La cercanía al pueblo de Churchill resultó su mayor don. Hitler, su antagonista, nunca se acercó a comprobar los resultados de los bombardeos aéreos sobre las ciudades alemanas, calificados por Goebbels con verdad, la única vez en su vida que fue veraz, como “Luft terrorismus” (terrorismo aéreo). Tampoco se esforzó en dar consuelo a los sufridos bombardeados. Por el contrario, Churchill recorría los restos chamuscados y destrozados de las ciudades inglesas, como Bristol, donde tras un espantoso bombardeo en 1941 una mujer que lo había perdido todo, bañada en lágrimas de rabia, “al ver el rostro rollizo y el puro dejó de llorar y agitando su pañuelo gritó con voz ronca: ¡Hurra, hurra!”. Así lo relató Simon Schama (Liberar a Churchill del mausoleo).

“Churchill es lo más tory (conservador) que un tory puede ser”. Así lo describió Franklin D. Roosevelt, el mejor presidente estadounidense, lo más parecido a un aristócrata que los EEUU pueden ofrecer salvo que les salió un tanto rojillo. Cuando supo que Churchill era el elegido como primer ministro por un parlamento que había declarado la guerra a Alemania, Roosevelt aseguró a sus íntimos: “Es lo mejor que tienen los ingleses, aunque se pase medio día borracho”. Sabemos de un dirigente que no fumaba ni dejaba que lo hicieran, abstemio, vegetariano, higienista, moderno en su pasión por los coches y aviones, el primero que hizo campañas electorales volando de ciudad en ciudad. Sabemos de otro que recordaba sus días felices por las botellas que trasegaba, que fumaba unos puros del mejor tabaco cubano, que se desplazaba en barco, que solo en tiempos de guerra cogía un avión donde se tumbaba como podía, poniéndose un camisón de seda que dejaba al aire sus fofos blancos glúteos. Acertijo: ¿Quién era el demócrata y quien el fascista? A estas alturas ya lo saben. El austero, Adolf Hitler, inventor del asesinato a escala industrial. El disipado, Winston Churchill, el hombre que junto con su compañero de lucha Roosevelt y la inconmensurable fe en su destino del pueblo soviético, impidieron que el mal se estableciera en el mundo por 1.000 años. Vicios privados, públicas virtudes, y al revés.

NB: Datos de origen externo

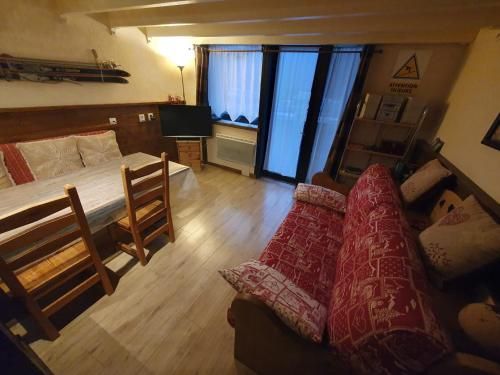 Chamonix / Argentière - Duplex 6p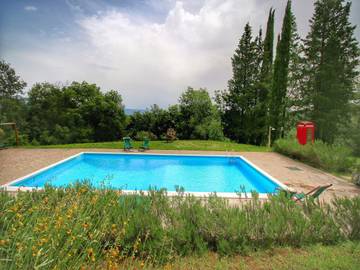 Cottage for 6 People in Anghiari, Tuscany, Photo 3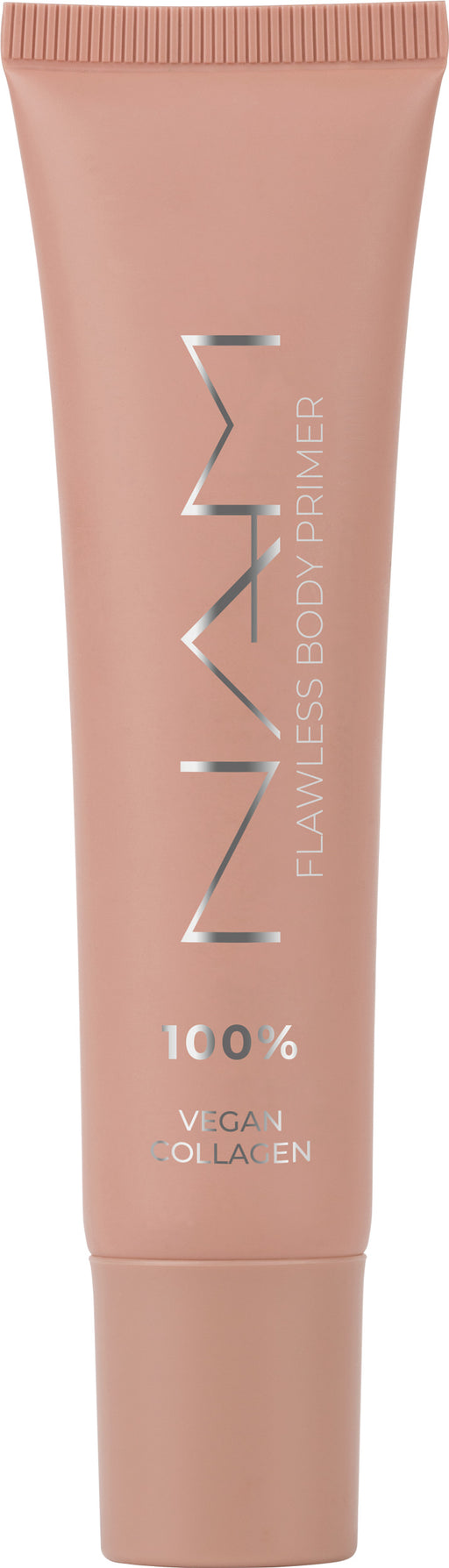 Prebase Cuerpo Flawless - Nam - 1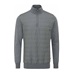 Ping Connell Hybrid męski sweter, grau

Muchos sostienen que nunca habría sido primer ministro de no haber sido por la guerra. De hecho, perdió las primeras elecciones celebradas tras ella, en julio de 1945, en las que lo británicos decidieron que construir la paz era un asunto para el que la oposición laborista de Clement Attlee estaba mejor dotada. El resultado electoral adverso le pilló en Iparralde, donde estaba pasando unas vacaciones junto a su esposa en la playa de Hendaia. En sus memorias, relata la churchilliana situación de haber asistido a una euskal dantza en Donibane, en la que se durmió sin enterarse de nada. Excuso decir que los bailes fueron tras el almuerzo y Churchill, después de comer y beber, quedaba de cuerpo presente. Los vascos nada tenemos que agradecer a Churchill, que abominaba de Franco pero calibró que la oposición nacionalista vasca y republicana española era incapaz de contener a los comunistas. Nos sacrificó en el gran juego de la política anticomunista como sacrificó la Polonia libre a la que tanto debía.

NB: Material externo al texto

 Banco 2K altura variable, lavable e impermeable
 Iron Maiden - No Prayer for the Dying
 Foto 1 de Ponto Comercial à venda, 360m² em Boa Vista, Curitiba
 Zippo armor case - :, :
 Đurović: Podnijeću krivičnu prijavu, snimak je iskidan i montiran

Y, entonces, ¿por qué? ¿Por qué la figura de Churchill suscita tanta simpatía incluso entre la izquierda británica y europea? Ese santo laico que resultó ser George Orwell contestó por todos nosotros: “Le perdonamos su antisocialismo y su imperialismo sentimental pues la decencia fundamental de Churchill lavaba sus excesos”. Su amigo F. E. Smith dijo en cierta ocasión que Churchill se pasó la mayor parte de su vida preparando discursos improvisados. Pero esos discursos contenían compromisos que cumplía a rajatabla y nos enseñaban cuál es la respuesta ante la adversidad, resumida en la frase final del que fue su último gran discurso en la Cámara de los Comunes, el 1 de marzo de 1955, un mes antes de retirarse: “Never flich, never weary, never despair” (Jamás vaciles, jamás te fatigues, jamás desesperes).